The Smithsonian Jazz Masterworks Orchestra, an 18-piece orchestra-in-residence at the Smithsonian’s National Museum of American History, was founded in 1990 as authorized by Congress, and it became the nation’s only museum with its own jazz orchestra. Their Bernstein recording project was launched in 2018 as part of the centennial celebration of Bernstein’s life.

Among the sounds in the reinterpreted pieces are Silbert’s rapid-fire shifts in tempo and dynamics brought to “Times Square” from the Broadway musical On The Town, Williams’ reggae vibes introduced into “Waltz” from Divertimento for Orchestra written for the Boston Symphony Orchestra, and Tomaro’s improvised section for soprano saxophone and piano added to the “Postlude to Act I” from the opera A Quiet Place.

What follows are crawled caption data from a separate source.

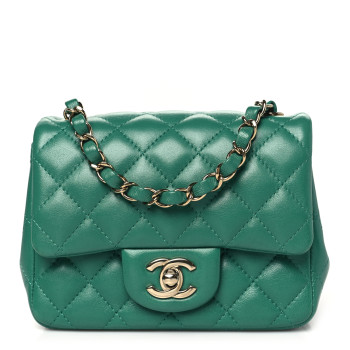 CHANEL Lambskin Quilted Mini Square Flap Green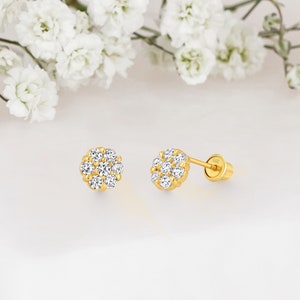14k Solid Gold Bigger Flower Cubic Zirconia Baby Girl Screwback Stud Earrings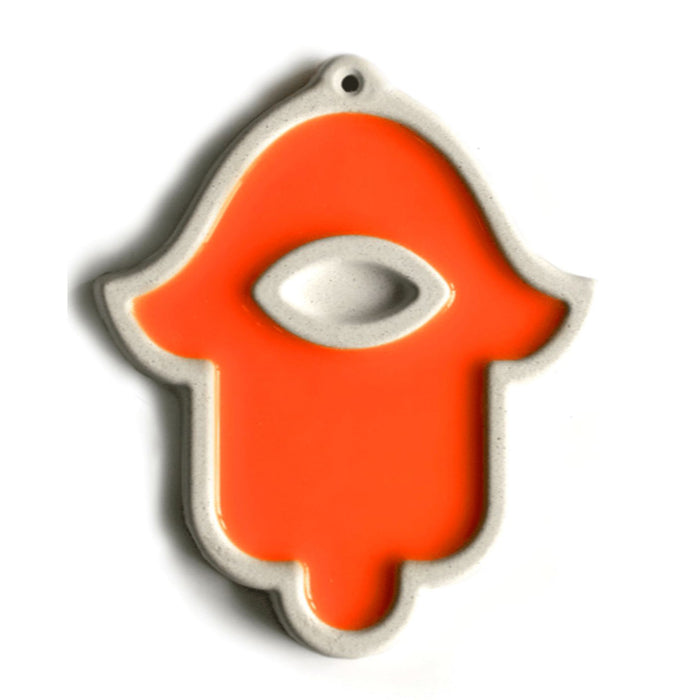 White Concrete Hamsa in Orange by Marit Meisler at Cemment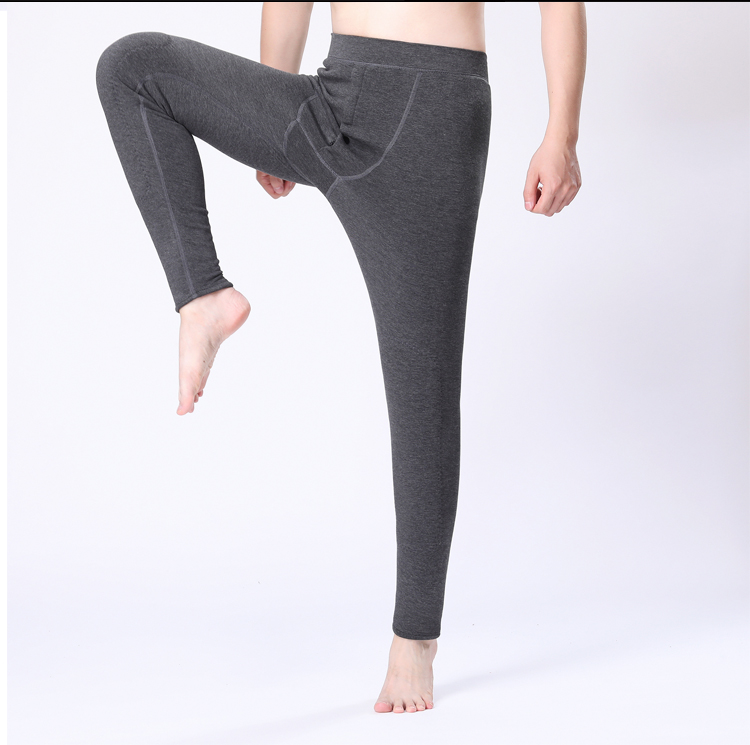 Quần ấm cho nam mùa đông cộng với miếng đệm đầu gối bằng nhung dày, quần len trung niên, eo cao nam, quần đáy bố quần giữ nhiệt nam trung niên
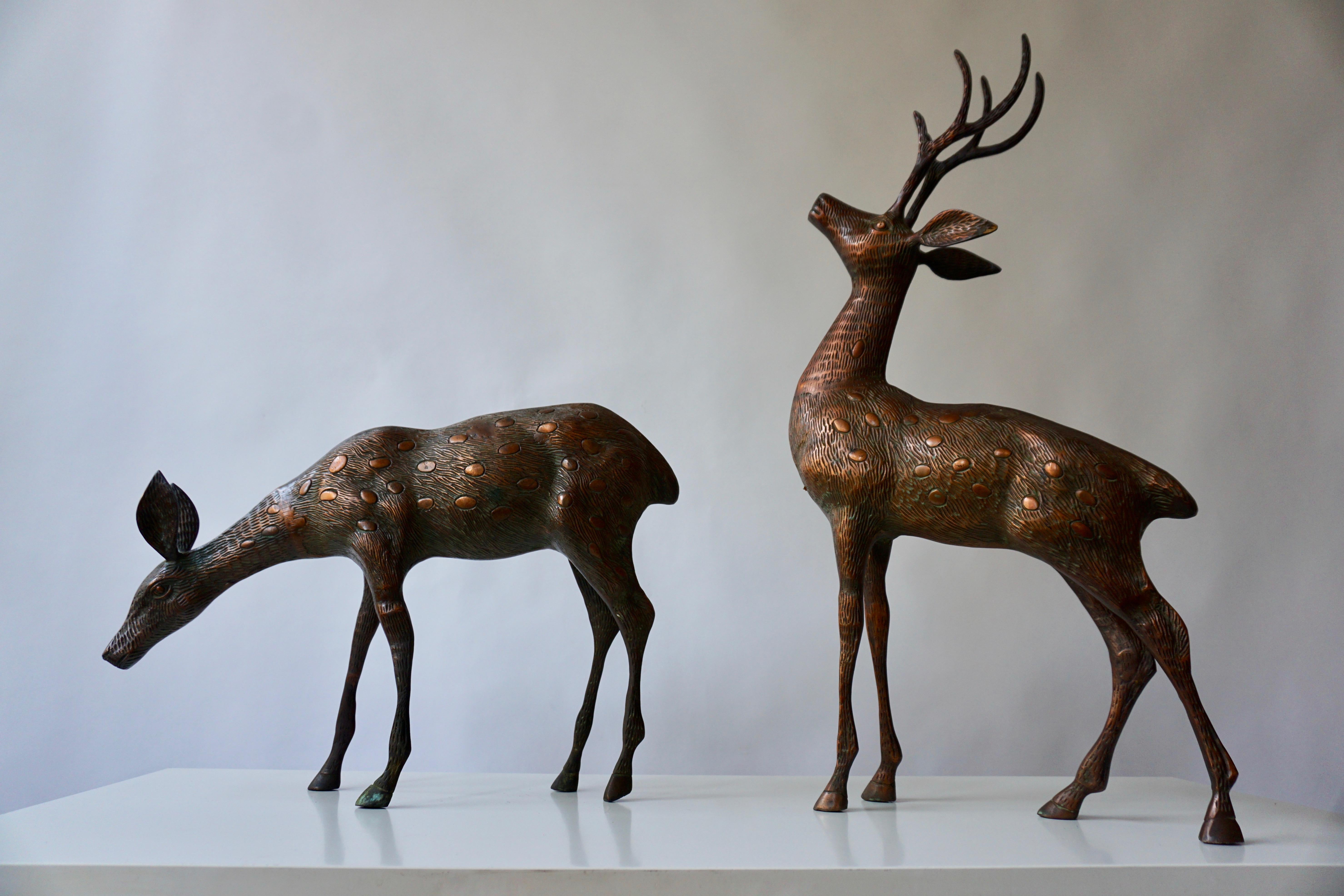 For your consideration is an incredible pair of vintage, bronze statues of deer. In excellent condition.
The dimensions of the larger are 32 cm W x 11 cm D x 62 cm H and the dimensions of the smaller are 45 cm W x 10 cm D x 32 cm H.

The only piece that has a Jewish connection, according to Chamis, is Brenzel’s joyful arrangement of “Chichester Psalms I.” The original composition had Hebrew text.

“Because Bernstein’s music is already sophisticated and a jazz band arrangement is sophisticated by definition, this album is sophistication by the sophisticated,” Chamis said.
Bernstein and Chamis met in Vienna, where Bernstein was conducting and Chamis was a university music student. Chamis, raised in Brazil and later performing as a conductor there, had studied on scholarship at the Rubin Academy of Music in Tel Aviv.

Among the countries where Bernstein and Chamis worked together were the United States, Israel and England.

“In principle, music does not need words, but this project has so much behind-the-scenes material,” Chamis said. “If listeners read before about the history and culture, they will experience the CD in a much deeper sense.”

Flavio Chamis and Leonard Bernstein in Vienna in the 1980s. Courtesy of Flavio Chanmis
Bernstein’s ‘Reaction’

Chamis feels comfortable commenting on the way he believes Bernstein might have reacted to this recording because the two were personal friends as well as professional colleagues.

“I believe he would find things he didn’t know existed in his music, and that is why he would like it,” Chamis explained. “Jazz musicians explore new realms within the compositions of others and bring their own ideas out of that. It is communication, and I believe Bernstein would have been communicating with the jazz musicians today.”

Chamis, who worked with Bernstein during the last years of the honoree’s life, was a fellow at the Tanglewood Music Center during Bernstein’s last summer at the Tanglewood Music Festival.

Chamis met his wife, Tatjana Mead Chamis, at Tanglewood, and the two decided to move to Pittsburgh when she was offered a viola position with the Pittsburgh Symphony Orchestra. Raising three children, the couple became members of Temple Sinai, where they add their talents to temple services and programs.

“Bernstein was always open to new improvisation, and that’s probably why his music was so alive,” said Chamis, a Latin Grammy nominee. “He was always looking at the music in a new way — trying to find new things in the same old pieces.

“Every time was like a jazz improvisation because he found something different, something new, something fresh. He was not a jazz musician, but there was jazziness in him.”